Gómez Palacio, Durango, Mexico; Mexico;
- Broadcast area: Comarca Lagunera
- Frequency: 99.5 FM
- Branding: El Viejón

Programming
- Format: Grupera

Ownership
- Owner: Radiorama (Organización Radiofónica Mexicana); (Radiodifusora XEGZ-AM, S.A. de C.V.);
- Operator: GPS Media

History
- First air date: 1957 (as XEGZ-AM)
- Call sign meaning: GómeZ Palacio

Technical information
- ERP: 25 kW
- Transmitter coordinates: 25°34′00″N 103°28′00″W﻿ / ﻿25.56667°N 103.46667°W

= XHGZ-FM (Durango) =

Radio station in Gómez Palacio, Durango

XHGZ-FM is a radio station in Gómez Palacio, Durango on 99.5 FM. It is owned by Radiorama and operated by GPS Media as El Viejón with a grupera format.

==History==

Logo used as Milenio Radio Laguna

XHGZ began in 1957 as XEGZ-AM 790, licensed to Ciudad Lerdo and owned by Alejandro Stevenson. Formats over the years included La Pantera, Radio 790 and Rockola 790.

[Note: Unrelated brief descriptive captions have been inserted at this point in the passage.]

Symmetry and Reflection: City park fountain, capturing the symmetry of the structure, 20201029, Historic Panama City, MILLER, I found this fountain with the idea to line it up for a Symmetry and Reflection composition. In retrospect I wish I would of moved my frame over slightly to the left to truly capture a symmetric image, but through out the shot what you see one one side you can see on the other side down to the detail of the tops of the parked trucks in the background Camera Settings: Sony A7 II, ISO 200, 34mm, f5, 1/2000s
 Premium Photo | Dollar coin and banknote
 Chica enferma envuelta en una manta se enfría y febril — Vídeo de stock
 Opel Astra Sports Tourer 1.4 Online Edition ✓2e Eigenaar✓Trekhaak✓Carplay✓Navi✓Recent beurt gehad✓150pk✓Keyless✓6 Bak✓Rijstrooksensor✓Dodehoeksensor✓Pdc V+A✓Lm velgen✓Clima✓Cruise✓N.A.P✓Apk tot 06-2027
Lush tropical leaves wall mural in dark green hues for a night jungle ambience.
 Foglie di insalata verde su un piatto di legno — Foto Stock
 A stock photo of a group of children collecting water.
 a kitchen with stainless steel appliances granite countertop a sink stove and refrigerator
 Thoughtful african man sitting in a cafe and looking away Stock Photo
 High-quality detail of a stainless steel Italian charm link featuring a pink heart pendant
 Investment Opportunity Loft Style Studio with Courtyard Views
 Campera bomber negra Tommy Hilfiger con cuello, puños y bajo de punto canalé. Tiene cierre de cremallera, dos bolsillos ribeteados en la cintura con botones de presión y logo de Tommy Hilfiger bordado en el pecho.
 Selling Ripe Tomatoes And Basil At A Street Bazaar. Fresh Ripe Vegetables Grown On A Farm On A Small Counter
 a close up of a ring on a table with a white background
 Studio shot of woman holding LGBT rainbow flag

The station received permission to migrate to FM in 2011. On AM, Radiorama placed some of its own formats on 790, such as W Radio and Colorín ColorRadio; when the station migrated, it took on the Milenio Radio format of news-talk programming.

In March 2018, XHGZ converted to La Lupe, a new grupera classic hits format from Multimedios.

In 2019, Multimedios Radio took control of the FM station of the Grupo Radio Centro Torreón cluster; La Lupe moved to the 99.9 frequency. After a simulcast, Radiorama returned to operating XHGZ-FM as Regional Mexican "La Poderosa". A further change in the cluster saw GPS Media's El Viejón, previously at 101.1 MHz, move down to 99.5 in August 2020.